A exposição recentemente inaugurada, "Breve História da Lentidão e da Vertigem", tem como mote uma história acerca das coisas que terminam em rabo de peixe: "conta-se que [...] os marinheiros podiam ver e ouvir nas marés perigosas, imaginando o que lhes faltava, Vénus despidas declinadas nas rochas, sorrindo e suspirando canções hipnóticas [...] conta-se ainda que os marinheiros inebriados imaginando a genitália da ilha dos amores [...] se atiravam ao mar descobrindo tarde demais ser difícil a cópula com ais fêmeas, porque afinal tinham escamas." (texto da exposição)

A história aprendida de Horácio é constituída por diferentes camadas, não se trata só da sereia ou da ebriedade dos marinheiros, mas de uma metáfora potente acerca da visão dos homens. A qual é lugar de engano e decepção: julga-se que as imagens dizem as coisas tal-qual elas são, mas depois descobre-se terem rabo de peixe.

Este acontecimento assinala a existência de uma zona de indecisão e intervalo na qual é possível assistir-se à criação de figuras, fantasmas e fábulas. Esse intervalo expressa o que está entre as coisas e as imagens que os homens fazem delas e é para esse lugar que confluem todas as aparições e alucinações. Não existe qualquer tipo de lamento face a esta tragédia do olhar humano porque é: "inevitável que existem problemas sem solução" (ibidem).

Esta história introduz o visitante da exposição no contexto adequado para poder integrar os diferentes fragmentos que constituem as muitas obras, as quais são acontecimentos insólitos: animais voadores, frutos pairantes e batatas com poderes de levitação.

Se por um lado, as imagens produzidas pelo olhar humano são lugar de decepção por não se poder copular com a realidade, por outro são fonte de prazer: descobrem-se as capacidades criativas e projectivas inerentes à inteligência e isso é o garante do prazer da arte.

Estar sujeito a enganos e a erros perceptivos é o motivo estético do trabalho de Gusmão e Paiva e é daqui que surge o insólito fixado nas fotografias em que os gatos voam, as galinhas ficam bêbedas, os objectos, permanecendo iguais, multiplicam-se e certas comidas têm o poder de fazer os guerreiros vencer dragões cuspidores de fogo.
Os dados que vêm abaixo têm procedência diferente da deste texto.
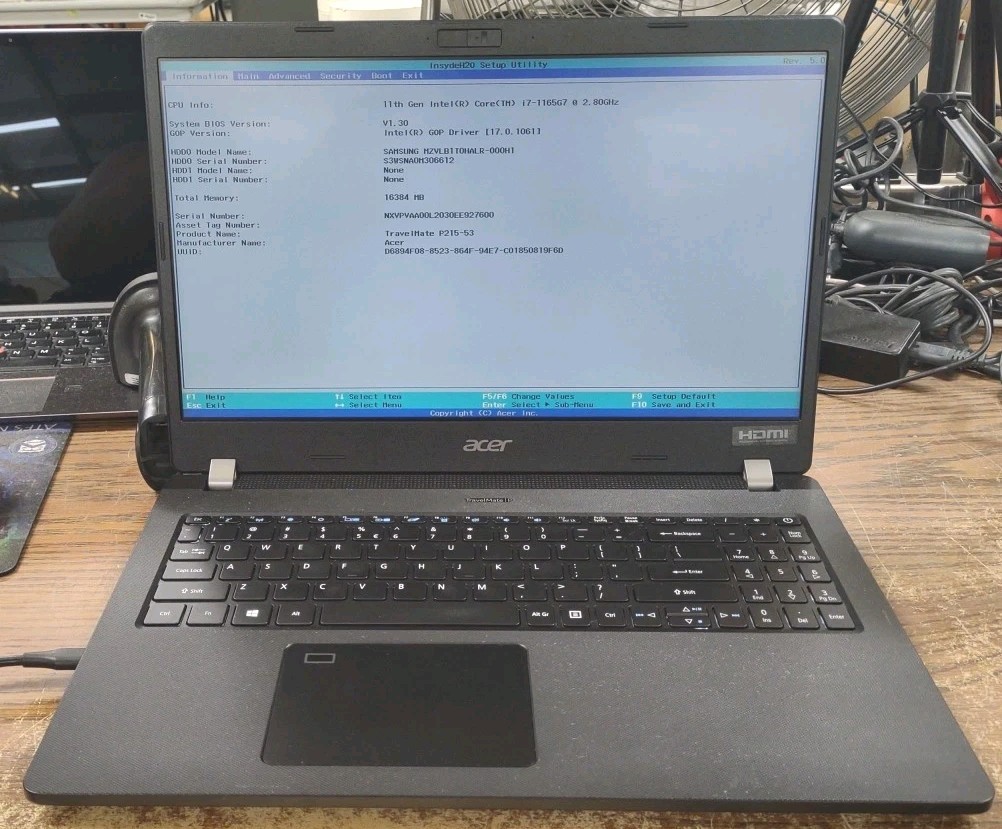 Acer TravelMate P215-53 N19Q8 W/ I7-1165G7, 16GB, 1TB.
Como conclusão escrevem os artistas: "há quem chame ao que não se vê indiscernível e nessa sequência em que o homem se alimenta do mundo, representando e idealizando o que o rodeia, também ele é devorado pelos monstros marinhos e por todos os desconhecidos que espreitam à esquina."

Reconstrução do paganismo

Se o fantástico e inesperado é um dos fios da trama do conjunto destes trabalhos, outro é a reconstrução do paganismo, isto é, Gusmão e Paiva, herdeiros do Caeiro de Pessoa, são os descobridores da natureza e reconhecem no natural, isto é, em todo o fenómeno que se manifesta, uma divindade. Os artistas constroem uma ambição sensível que anula a lógica discursiva e conceptual e dá lugar ao anseio pelo contacto directo com todas as coisas: "toda a coisa que vemos, devemos vê-la sempre pela primeira vez, porque realmente é a primeira vez que a vemos" escreve Caeiro no "Guardador de Rebanhos".
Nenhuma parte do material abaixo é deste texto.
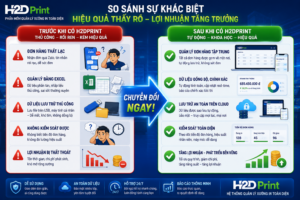 TRƯỚC & SAU: XƯỞNG IN KHI CHƯA CÓ VÀ KHI ĐÃ CÓ H2DPRINT — SỰ KHÁC BIỆT KHÔNG TƯỞNG! 😱
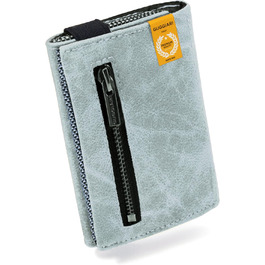 GUGGIARI® Slim Wallet with Coin Pocket made of Microfiber Jacquard with RFID Protection - Slim Wallet for Credit Cards - Credit Card Case - Wallet for on the Go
Recuperar o olhar primitivo é apresentado pelo mestre de Álvaro de Campos como um pasmo. Ele que não tem filosofia, mas "sentidos... / se falo na Natureza não é porque saiba o que ela é, / mas porque a amo, e amo-a por isso" , e é um poeta cujo o olhar é  "nítido como um girassol [...] e o que vejo a cada momento / é aquilo que nunca antes eu tinha visto, / e eu sei dar por isso muito bem... / sei ter o pasmo essencial." (ibidem)
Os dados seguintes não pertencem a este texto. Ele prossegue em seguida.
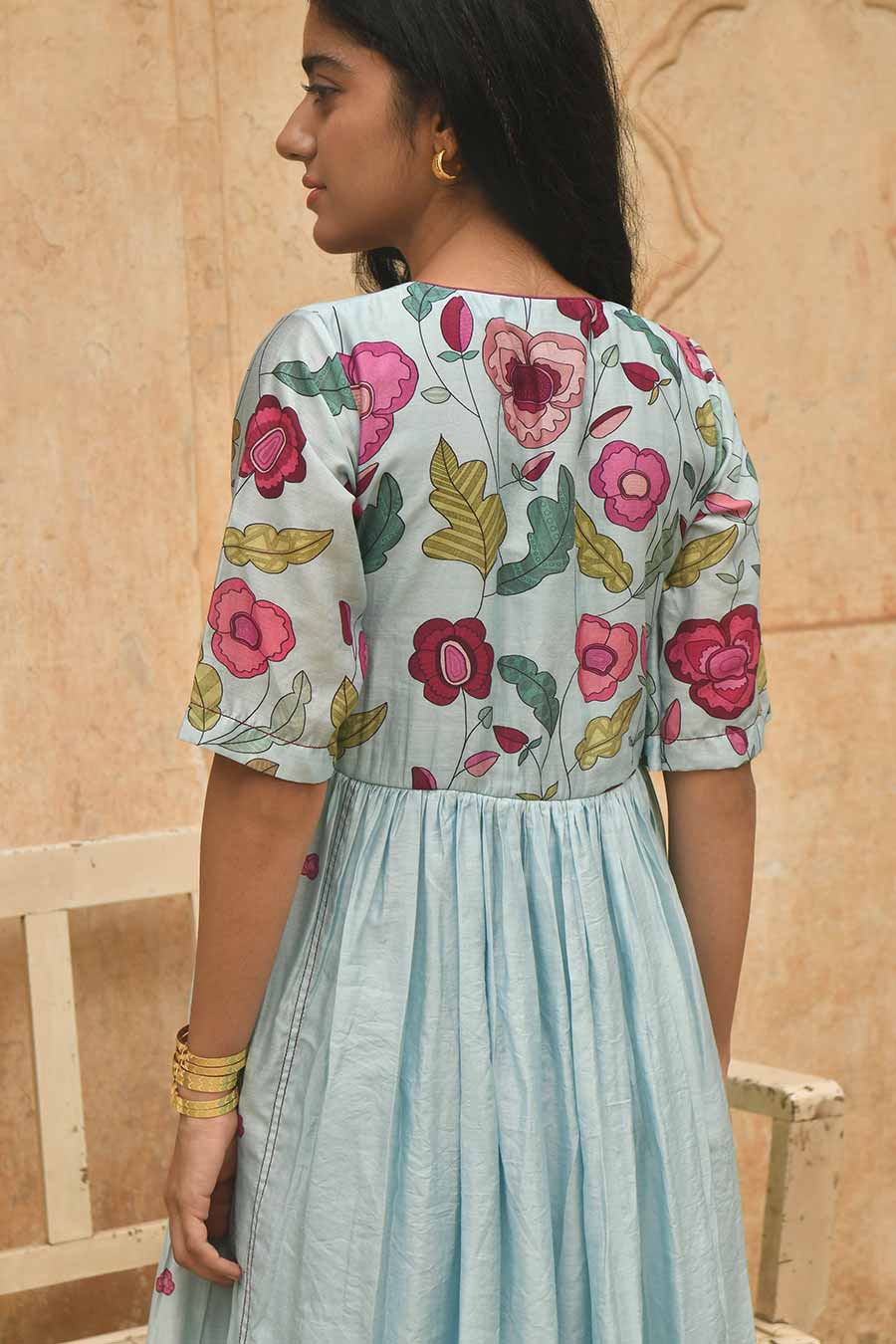 Blue Daisy Floral Print Chanderi Kurta Set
Se, como escreve o Guardador de Rebanhos, "a nossa única riqueza é ver" e os pensamentos "todos sensações [...] pensar uma flor é vê-la e cheirá-la / e comer um fruto é saber-lhe o sentido", então está-se no reino em que as coisas recuperam uma voz própria e falam na primeira pessoa. E este discurso, já não conformado à matriz humana, revela-se fonte de espanto. Ver as coisas sem filosofia, sem projecção ou representação, é ficar pasmado porque se submete ao permanente risco de tomar o rabo de peixe pela musa mais bela e inspiradora. E o trabalho de Gusmão e Paiva são um caso exemplar deste risco.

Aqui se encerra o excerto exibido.